Tensile behavior of fully nanotwinned alloys with varying stacking fault energies Nathan M. Heckman, Department of Aerospace and Mechanical Engineering, Mork Family Department of Chemical Engineering and Material Science, University of Southern California, Los Angeles, CA 900089, USA Leonardo Velasco, Department of Aerospace and Mechanical Engineering, Mork Family Department of Chemical Engineering and Material Science, University of Southern California, Los Angeles, CA 900089, USA; Karlsruhe Institute of Technology (KIT), Institute of Nanotechnology, Hermann-vonHelmholtz-Platz 1, 76344 Eggenstein-Leopoldshafen, Germany Andrea M. Hodge, Department of Aerospace and Mechanical Engineering, Mork Family Department of Chemical Engineering and Material Science, University of Southern California, Los Angeles, CA 900089, USA Address all Correspondence to Andrea M. Hodge at [email protected] (Received 16 December 2016; accepted 28 April 2017)

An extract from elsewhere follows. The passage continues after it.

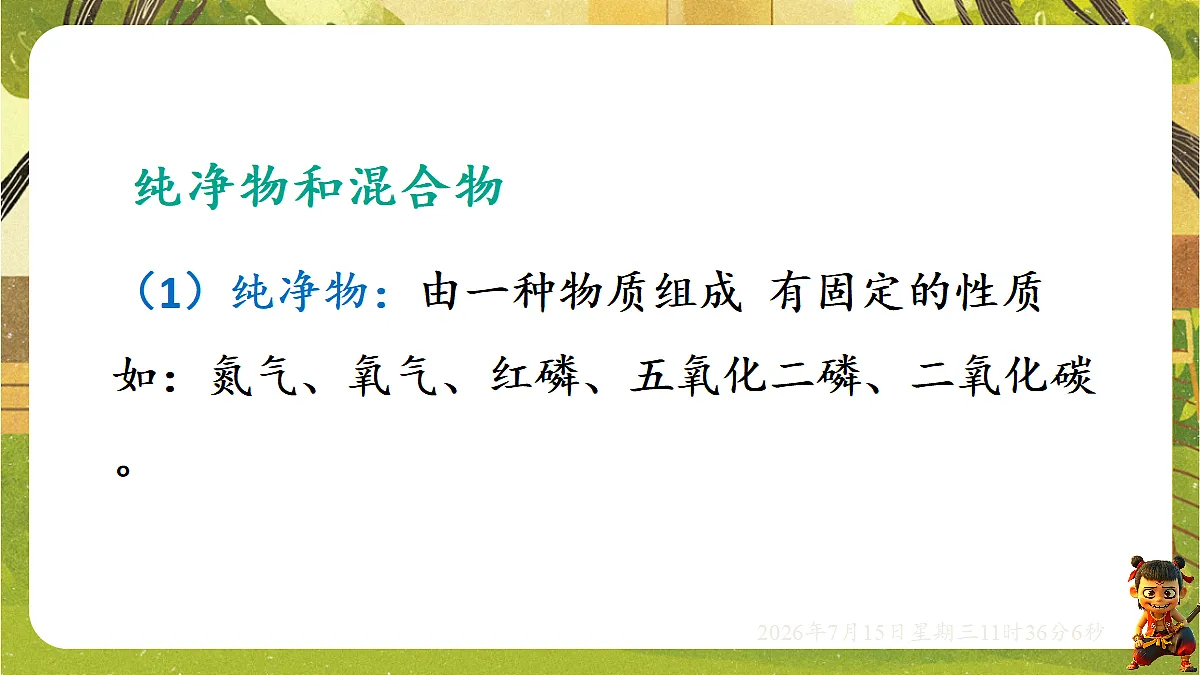 18581646第4页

Abstract In this study, a comparison of the tensile behavior of fully nanotwinned Cu–6 wt.%Al, Cu–2 wt.%Al, and Cu–10 wt.%Ni with stacking fault energies (SFEs) of 6, 37, and 60 mJ/m2, respectively is presented. The samples displayed yield strengths ranging from 830 to 1340 MPa, varying with both alloy content and microstructural parameters. All samples showed low ductility, even though there are tilted twin boundaries present in Cu–10 wt.%Ni. The influence of varying grain width is presented for each alloy and related to both the activation volume and SFE [Figs. 3(a)–3(c)].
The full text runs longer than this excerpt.